Descriptions of our built-in gene sets:

* `GOBP`: Gene Ontology-Biological Processes, Bioconductor ver. 3.4.2. (http://www.geneontology.org/)

* `GOCC`: Gene Ontology-Cell Component, Bioconductor ver. 3.4.2. (geneontology.org)

* `GOMF`: Gene Ontology-Molecular Function, Bioconductor ver 3.4.2. (geneontology.org)

* `biocarta_pathway`: BioCarta Pathway, Ver 6.0. (cgap.nci.nih.gov/Pathways/BioCarta_Pathways)

* `ctd`: Comparative Toxicogenomics Database, Last updated June 06, 2017. Groups of genes that interact with specific chemicals to help understand enviromental exposures that affect human health. (ctdbase.org)

* `cytoband`: Cytobands (NCBI). Groups of genes that reside in the same area of a chromosome.

* `drug_bank`: Sets of gene that are targeted by a specific drug. Ver 5.0.7. (www.drugbank.ca)

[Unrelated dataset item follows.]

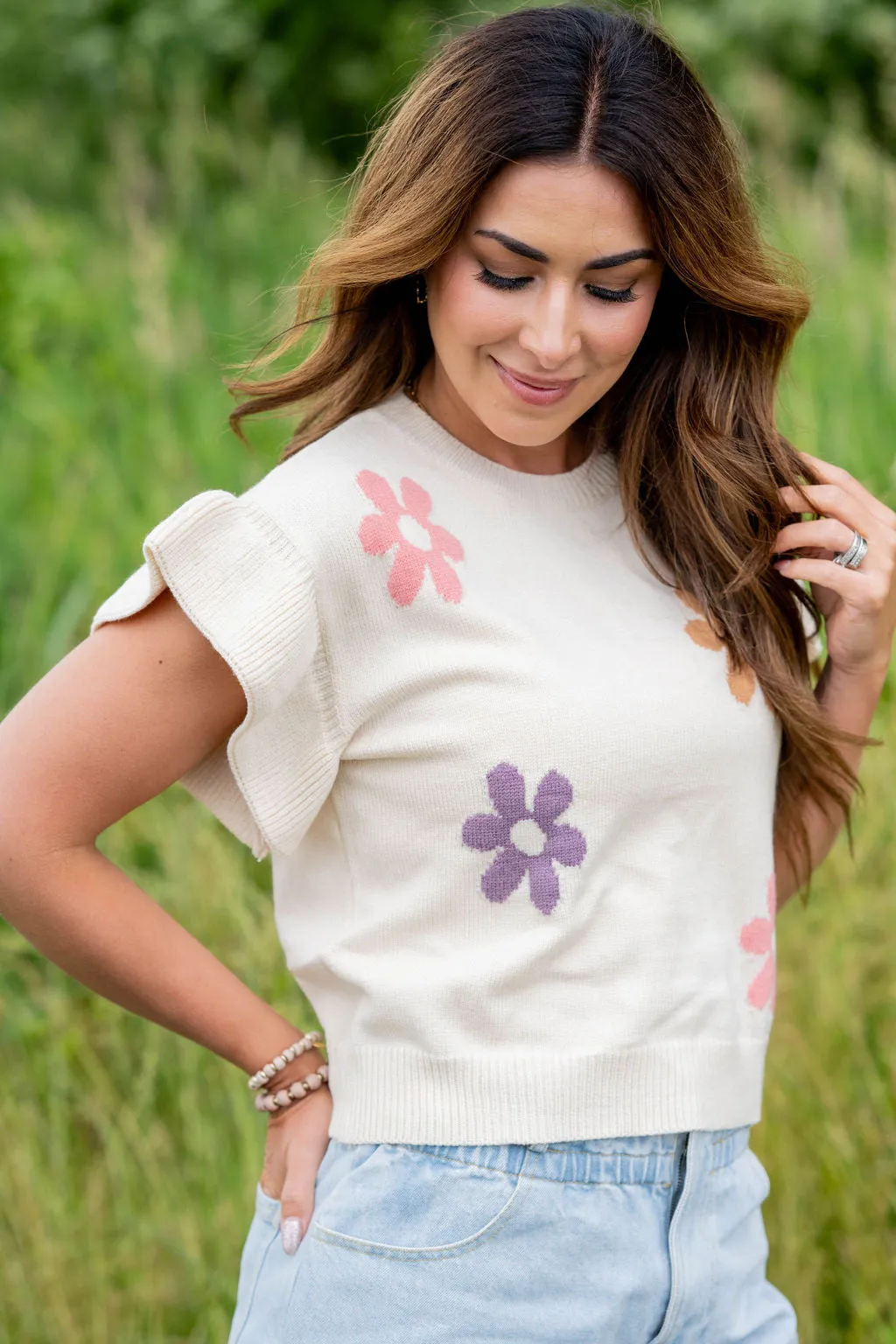 Floral Ribbed Ruffle Knit Tee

* `hallmark`: Hallmark gene sets (MSigDB). Ver 6.0. Specific biological states or processes that display coherent expression. (software.broadinstitute.org/gsea/msigdb/collections.jsp)

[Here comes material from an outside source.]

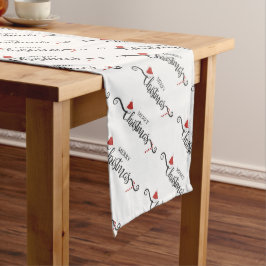 Frohe Weihnachts-Weihnachtsmannmützen und Candy Ca Mittelgroßer Tischläufer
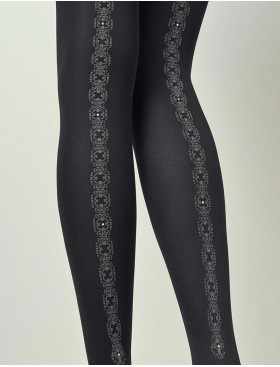 Колготки с декоративным швом Marilyn GUCCI G35 60 den темно-синий, Цвет: темно-синий, Размеры: 3/4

* `immunologic`: Immunologic signatures (MSigDB). Ver 6.0. Gene sets that represent cell states within the immune system. (software.broadinstitute.org/gsea/msigdb/collections.jsp)

* `kegg_pathway`: Kyoto Encyclopedia of Genes and Genomes. Ver 3.2.3. (genome.jp/kegg)

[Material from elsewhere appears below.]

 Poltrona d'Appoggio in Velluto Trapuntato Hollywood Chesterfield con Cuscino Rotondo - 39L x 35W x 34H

* `mesh`: Gene Annotation with MeSH, the National Library of Medicine's controlled vocabulary for biology and medicine. Useful for testing hypotheses related to diseases, processes, other genes, confounders such as populations and experimental techniques, etc. based on knowledge from the literature that may not yet be formally described in any other gene sets. Last updated ~2013. (gene2mesh.ncibi.org)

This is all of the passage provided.